*TASK TO COMPLETE*: Only these lines are needed: the first line of the entries below through the line with "EQUALIZER 5.0 DRAYZE", each returned exactly.

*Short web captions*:
______________________________
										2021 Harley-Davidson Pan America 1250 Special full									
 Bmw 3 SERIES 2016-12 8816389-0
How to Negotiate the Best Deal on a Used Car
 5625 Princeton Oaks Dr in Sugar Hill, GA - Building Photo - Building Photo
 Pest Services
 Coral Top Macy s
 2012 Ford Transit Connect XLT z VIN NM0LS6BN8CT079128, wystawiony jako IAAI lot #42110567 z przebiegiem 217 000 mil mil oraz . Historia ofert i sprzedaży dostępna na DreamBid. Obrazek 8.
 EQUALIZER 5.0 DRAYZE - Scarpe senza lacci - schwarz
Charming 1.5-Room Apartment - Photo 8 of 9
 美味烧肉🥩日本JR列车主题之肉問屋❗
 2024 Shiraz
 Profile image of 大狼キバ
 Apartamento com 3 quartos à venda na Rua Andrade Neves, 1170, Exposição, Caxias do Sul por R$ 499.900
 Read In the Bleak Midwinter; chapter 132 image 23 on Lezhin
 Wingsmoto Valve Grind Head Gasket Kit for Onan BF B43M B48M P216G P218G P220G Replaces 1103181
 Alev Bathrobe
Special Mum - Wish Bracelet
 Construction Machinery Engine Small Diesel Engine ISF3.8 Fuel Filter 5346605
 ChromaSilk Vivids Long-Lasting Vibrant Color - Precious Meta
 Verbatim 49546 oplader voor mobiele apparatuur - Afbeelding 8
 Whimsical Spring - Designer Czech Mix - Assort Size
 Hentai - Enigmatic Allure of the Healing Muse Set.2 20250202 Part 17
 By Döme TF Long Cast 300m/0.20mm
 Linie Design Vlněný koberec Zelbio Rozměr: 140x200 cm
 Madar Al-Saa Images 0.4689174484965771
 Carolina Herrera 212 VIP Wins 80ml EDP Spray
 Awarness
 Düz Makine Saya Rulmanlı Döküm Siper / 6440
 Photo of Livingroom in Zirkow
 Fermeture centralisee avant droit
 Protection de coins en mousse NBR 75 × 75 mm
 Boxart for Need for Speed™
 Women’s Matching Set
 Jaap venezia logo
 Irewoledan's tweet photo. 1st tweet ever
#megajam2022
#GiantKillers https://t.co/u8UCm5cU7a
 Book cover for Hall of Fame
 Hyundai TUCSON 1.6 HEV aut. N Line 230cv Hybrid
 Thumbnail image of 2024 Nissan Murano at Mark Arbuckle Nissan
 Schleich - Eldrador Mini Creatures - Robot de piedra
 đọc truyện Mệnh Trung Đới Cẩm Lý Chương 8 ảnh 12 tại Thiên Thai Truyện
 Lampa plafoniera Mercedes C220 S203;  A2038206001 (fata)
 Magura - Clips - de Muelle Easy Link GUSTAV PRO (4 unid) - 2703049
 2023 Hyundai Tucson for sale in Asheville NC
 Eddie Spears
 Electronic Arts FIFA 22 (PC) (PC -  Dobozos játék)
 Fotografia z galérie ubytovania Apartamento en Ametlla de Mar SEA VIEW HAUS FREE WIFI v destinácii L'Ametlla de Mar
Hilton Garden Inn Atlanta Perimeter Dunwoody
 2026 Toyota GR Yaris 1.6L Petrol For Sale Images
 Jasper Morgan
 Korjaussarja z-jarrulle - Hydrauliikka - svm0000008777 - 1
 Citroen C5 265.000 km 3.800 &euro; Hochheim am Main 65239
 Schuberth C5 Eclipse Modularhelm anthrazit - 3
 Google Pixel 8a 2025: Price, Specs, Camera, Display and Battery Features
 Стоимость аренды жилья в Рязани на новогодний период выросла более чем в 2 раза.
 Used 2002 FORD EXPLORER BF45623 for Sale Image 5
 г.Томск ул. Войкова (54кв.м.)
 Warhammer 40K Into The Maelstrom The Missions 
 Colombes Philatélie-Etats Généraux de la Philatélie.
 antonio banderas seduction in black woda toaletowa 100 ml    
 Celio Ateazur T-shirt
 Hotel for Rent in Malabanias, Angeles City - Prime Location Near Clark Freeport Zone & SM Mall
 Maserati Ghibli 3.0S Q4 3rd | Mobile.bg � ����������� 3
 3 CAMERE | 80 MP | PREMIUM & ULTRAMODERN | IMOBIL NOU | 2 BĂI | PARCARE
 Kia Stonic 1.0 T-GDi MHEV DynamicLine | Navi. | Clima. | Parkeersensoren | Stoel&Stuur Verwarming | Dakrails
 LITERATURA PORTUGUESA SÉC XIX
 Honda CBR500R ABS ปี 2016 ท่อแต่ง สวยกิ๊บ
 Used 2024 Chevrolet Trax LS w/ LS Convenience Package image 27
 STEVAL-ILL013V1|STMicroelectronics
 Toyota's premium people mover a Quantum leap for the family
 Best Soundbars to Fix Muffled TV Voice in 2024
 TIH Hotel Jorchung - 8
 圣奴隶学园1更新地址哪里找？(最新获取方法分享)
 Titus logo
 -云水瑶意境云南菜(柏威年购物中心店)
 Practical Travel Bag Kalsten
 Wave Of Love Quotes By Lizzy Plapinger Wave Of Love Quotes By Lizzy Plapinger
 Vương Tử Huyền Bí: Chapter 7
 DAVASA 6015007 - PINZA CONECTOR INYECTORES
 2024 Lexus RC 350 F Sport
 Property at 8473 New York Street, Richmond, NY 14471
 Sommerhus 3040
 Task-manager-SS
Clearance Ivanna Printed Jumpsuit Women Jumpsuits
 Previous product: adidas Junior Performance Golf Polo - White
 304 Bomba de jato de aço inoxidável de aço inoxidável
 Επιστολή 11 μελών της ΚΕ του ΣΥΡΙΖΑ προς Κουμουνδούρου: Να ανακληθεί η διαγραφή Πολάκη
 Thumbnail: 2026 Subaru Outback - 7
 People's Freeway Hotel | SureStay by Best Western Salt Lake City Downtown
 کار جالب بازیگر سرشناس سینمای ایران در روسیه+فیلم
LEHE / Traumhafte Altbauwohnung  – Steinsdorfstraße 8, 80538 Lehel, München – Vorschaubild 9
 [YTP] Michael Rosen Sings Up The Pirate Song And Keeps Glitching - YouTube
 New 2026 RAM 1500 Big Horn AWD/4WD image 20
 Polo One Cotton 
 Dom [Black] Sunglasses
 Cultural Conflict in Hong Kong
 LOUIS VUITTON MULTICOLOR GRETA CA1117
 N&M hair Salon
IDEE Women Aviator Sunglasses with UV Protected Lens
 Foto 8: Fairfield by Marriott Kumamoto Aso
______________________________
*OUTPUT FOR THIS EXERCISE*:
										2021 Harley-Davidson Pan America 1250 Special full									
 Bmw 3 SERIES 2016-12 8816389-0
How to Negotiate the Best Deal on a Used Car
 5625 Princeton Oaks Dr in Sugar Hill, GA - Building Photo - Building Photo
 Pest Services
 Coral Top Macy s
 2012 Ford Transit Connect XLT z VIN NM0LS6BN8CT079128, wystawiony jako IAAI lot #42110567 z przebiegiem 217 000 mil mil oraz . Historia ofert i sprzedaży dostępna na DreamBid. Obrazek 8.
 EQUALIZER 5.0 DRAYZE - Scarpe senza lacci - schwarz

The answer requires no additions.